Cats earn desired Pit stop

By Greg Price: CNJ sports writer

Making the state tournament in Albuquerque is something they’ve been dreaming of since they picked up a basketball.

For Clovis seniors Michael Lewis and Cody Thornsbury, it’s taken four years to reach the pinnacle of high school basketball in New Mexico. Others, such as freshman Jaye Crockett, didn’t have to wait long.

All will get their first experience of playing in The Pit in Albuquerque today when No. 5 Clovis (22-5) plays No. 4 La Cueva (19-6) in the state quarterfinals.
Crockett said he’s feeling some nerves as game time nears, but also expressed confidence in his team’s ability.

“I knew it was going to happen from the beginning,” Crockett said of the Cats advancing to the state tournament in Albuquerque. “I have confidence in my team and our abilities.”

Lewis and Thornsbury have played varsity since their freshman years, while Crockett moved up to the varsity level from junior varsity last month.
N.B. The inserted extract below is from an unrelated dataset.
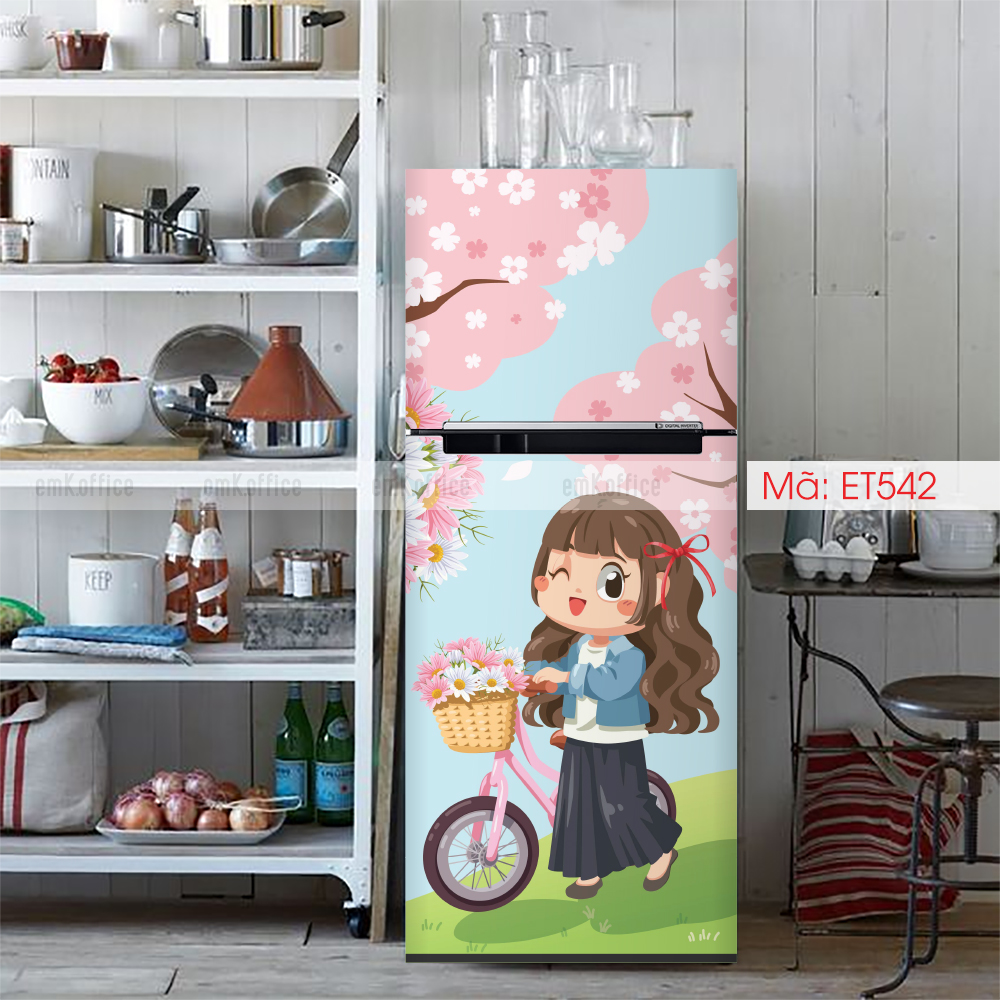 Decal dán tủ lạnh, miếng dán tủ lạnh mẫu cute - BO110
Clovis coach J.D. Isler said like most teams the Wildcats have faced this season, La Cueva owns a size advantage over the Cats with five players 6-foot-3 or taller, including twin juniors Dan and Brett Koller.

The Wildcats counter with 3-point shooting, quickness and depth.

Isler has had success in the state tournament before, capturing Class 1A titles at Grady in 1986 and 1995. However, Isler is making his first trip to Albuquerque in his six seasons with Clovis, an experience he hopes will be a new starting point for the program.

“I am really excited for our players, because they have paid the price,” Isler said. “But we don’t want to be happy just to get there. We want to win and give ourselves the best chance at a state title.”

Even though its his first trip to state, Lewis believes each Cat will continue his strong play.

Along with Crockett, sophomores Arthur Calbert, Patrick Duffield and Stefan Mills moved up from junior varsity this season, and Isler said playing in the Pit will serve as an learning experience each can build on for future seasons.

“I think it’s real important that they get a taste of what success is about,” Isler said. “And then next year when they have a bigger role on the team, they’ll know what it takes.”